Diethyl pyrocarbonate, a histidine-modifying agent, directly stimulates activity of ATP-sensitive potassium channels in pituitary GH 3 cells

Abstract

The ATP-sensitive K + (K ATP) channels are composed of sulfonylurea receptor and inwardly rectifying K + channel (Kir6.2) subunit. These channels are regulated by intracellular ADP/ATP ratio and play a role in cellular metabolism. Diethyl pyrocarbonate (DEPC), a histidine-specific alkylating reagent, is known to modify the histidine residues of the structure of proteins. The objective of this study was to determine whether DEPC modifies K ATP-channel activity in pituitary GH 3 cells. Steady-state fluctuation analyses of macroscopic K + current at −120 mV produced power spectra that could be fitted with a single Lorentzian curve in these cells. The time constants in the presence of DEPC were increased. Consistent with fluctuation analyses, the mean open time of K ATP-channels was significantly increased during exposure to DEPC. However, DEPC produced no change in single-channel conductance, despite the ability of this compound to enhance K ATP-channel activity in a concentration-dependent manner with an EC 50 value of 16 μM. DEPC-stimulated K ATP-channel activity was attenuated by pretreatment with glibenclamide.
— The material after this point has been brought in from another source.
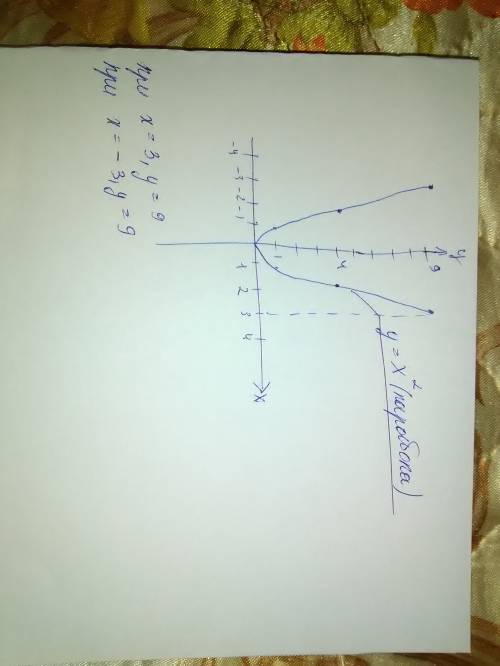 Постройки график функции у=х².с графика функции определите значение у при х=3 и х=-3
In current–clamp configuration, DEPC decreased the firing of action potentials in GH 3 cells. A further application of glibenclamide reversed DEPC-induced inhibition of spontaneous action potentials. Intracellullar Ca 2+ measurements revealed the ability of DEPC to decrease Ca 2+ oscillations in GH 3 cells. Simulation studies also demonstrated that the increased conductance of K ATP-channels used to mimic DEPC actions reduced the frequency of spontaneous action potentials and fluctuation of intracellular Ca 2+. The results indicate that chemical modification with DEPC enhances K ATP-channel activity and influences functional activities of pituitary GH 3 cells.